Combinatorial Study of High-Surface-Area Binary and Ternary Electrocatalysts for the Oxygen Evolution Reaction

Abstract

We present the design, fabrication, and utilization of a high-throughput combinatorial electrochemical screening platform consisting of 16 individually addressable, three-electrode chambers for rapid evaluation of supported high-surface-area nanoparticle electrocatalysts. Repeatable hydrogen adsorption/desorption surface area measurements along with oxygen evolution kinetics for carbon supported pure platinum catalysts () illustrate practical reproducibility across the 16 glassy carbon working electrodes. Automated liquid-precursor impregnation using robotic liquid dispensing is shown to produce catalysts in precisely controllable atomic ratios as confirmed via energy dispersive spectroscopy.

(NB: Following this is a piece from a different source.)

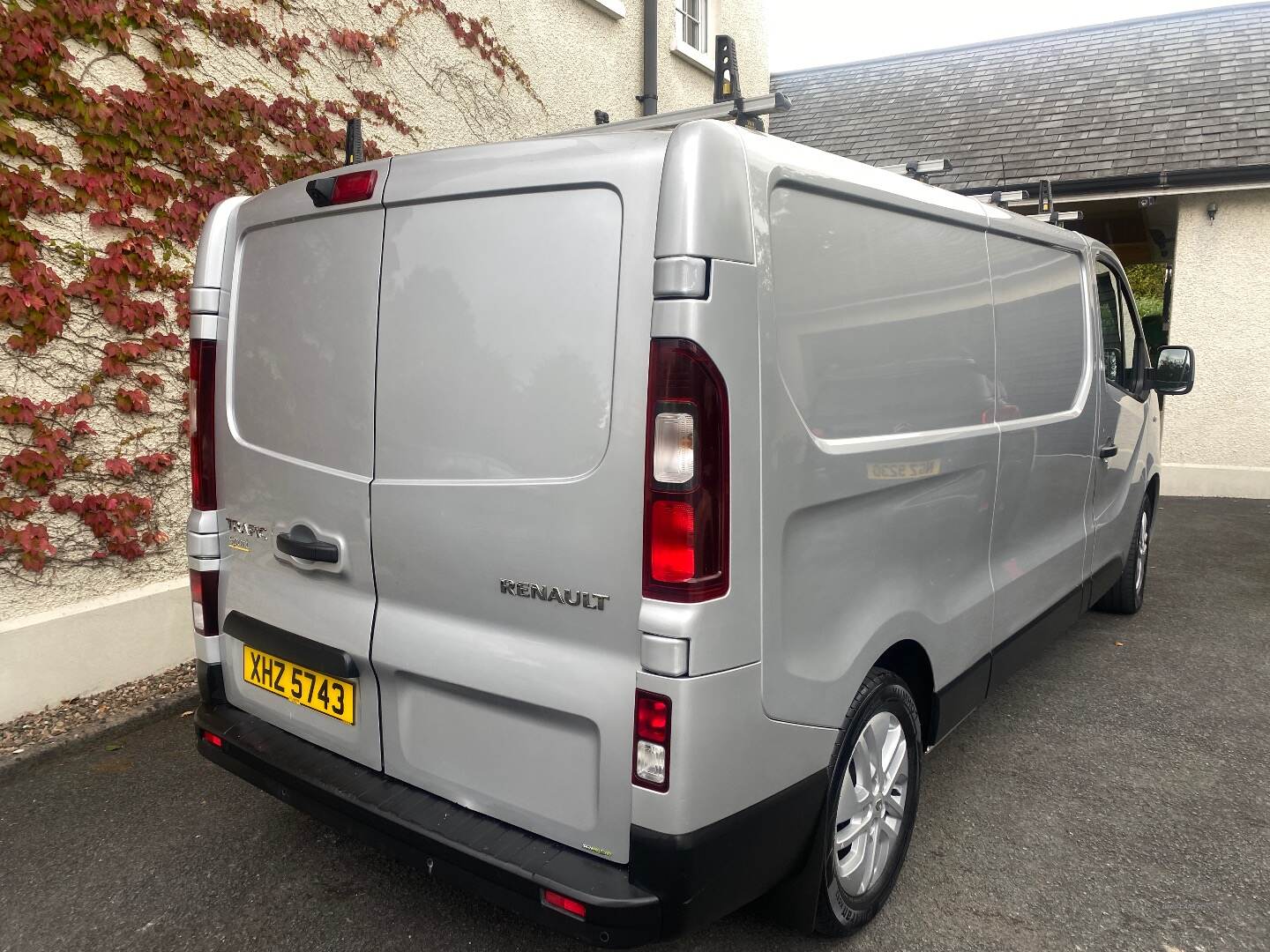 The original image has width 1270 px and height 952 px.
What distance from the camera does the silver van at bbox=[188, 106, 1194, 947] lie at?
1857mm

The combinatorial array demonstrates the ability to produce reliable trends in electrocatalytic activity data for the oxygen evolution reaction (OER) on both binary Pt–M catalysts (with M=Ir, Re, Ru, Pd), as well as ternary Pt–Ru–M catalysts (with M=Ir, Pd)), when compared to a more rigorous kinetic analysis on a rotating disk electrode. It was shown that Ru-rich materials are better suited for use as OER catalysts relative to Pt-, Ir-, Pd-, and Re-rich materials. The OER catalyst materials discovered are expected to significantly lower the necessary input power of electrochemical water splitting devices in acidic environments (proton exchange membrane fuel cell electrolyzers).